Are you 65 or older or disabled and considering a property tax loan?
Many Texas residents contact us considering a property tax loan to help with delinquent property taxes and have no idea they may qualify for a deferral program by the state of Texas. As standard practice, we always advise our clients of their rights to a deferral and have decided to write this blog as a guide.
Texas property tax deferral program for 65 or over and disabled homeowners.
Section 33.06 under the Texas Property Tax Code allows homeowners who are 65 or older or disabled to postpone paying property taxes on their homestead for as long as they own and reside in their home. To apply for a deferral of property taxes, Form 50-126, must be completed and returned to the Central Appraisal District in the county in which your property is located.
When do you qualify, and should you postpone paying your property taxes?
If you are a homeowner age 65 or over or disabled, you can defer or postpone paying delinquent property taxes on your homestead for as long as you own it and live in it. While entering the deferral program may be a good idea, remember that this program only defers payment; it does NOT cancel the obligation. Interest is added at the rate of 5% annually. Once you no longer own your home or live in it, all the taxes, penalties, and interest become due after 180 days. This can be a real problem for two reasons. One, the compounded interest at 5% can eat up any equity in your home very quickly – especially if no payments are made to reduce the unpaid and accruing balance. Two, after the 180-day period, the taxing entities will want all unpaid taxes, penalties, and interest to be paid in full, and if these remain unpaid, the collection efforts from the taxing entities can be severe… including a tax lawsuit and foreclosure.
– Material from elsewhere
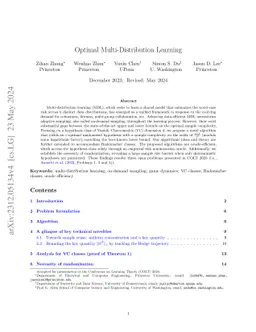 Optimal Multi-Distribution Learning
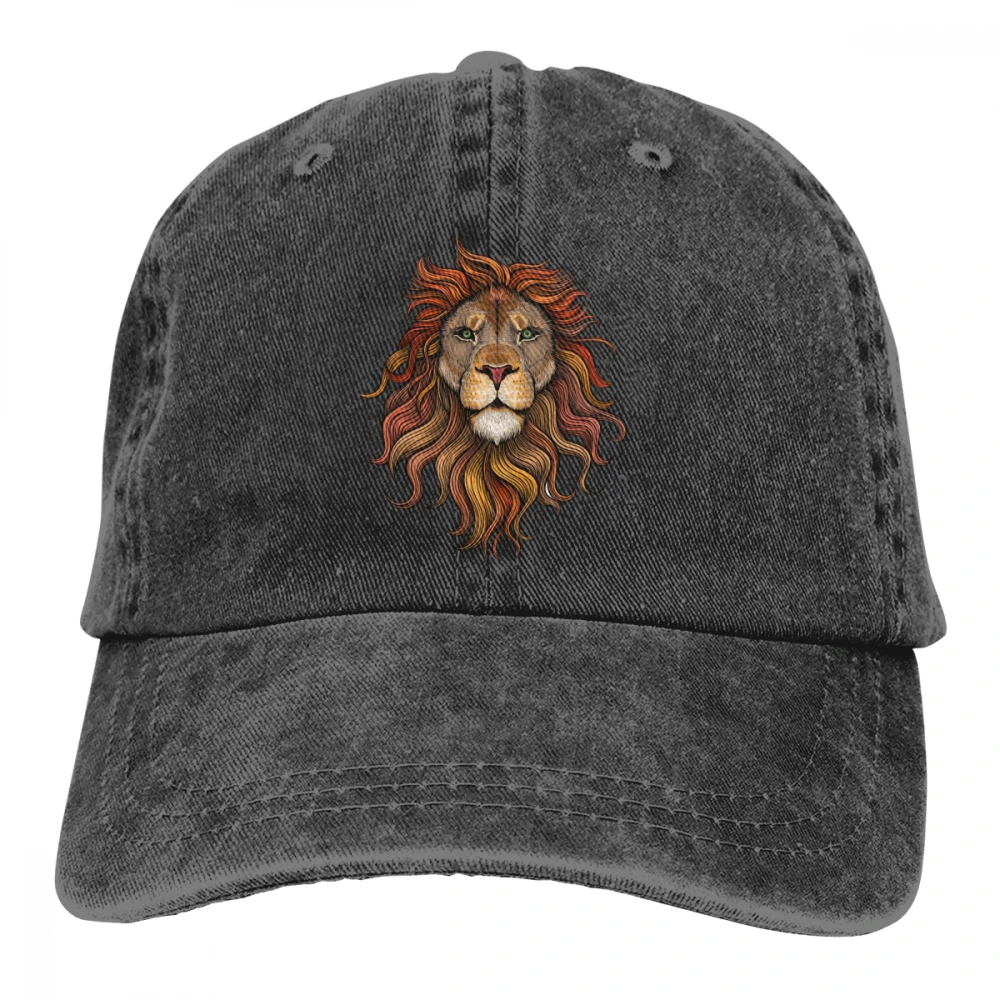 Лев Лео Casquette черный унисекс Мужские Женские деним бейсболка с ремешком Кепки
When can someone 65 or older or disabled not defer their property taxes?
This program is only offered for homesteads where you own the property and reside there. This program is not available for rental or commercial properties. A property tax loan may still be your best option for these types of properties.
Also, your mortgage company (if any) may have language in their Deed of Trust that allows them to accelerate your note if you file for deferred property taxes. So, even if you do qualify through the state, you may not qualify through your obligation to your mortgage company and once again, you may want to consider other options, including a property tax loan.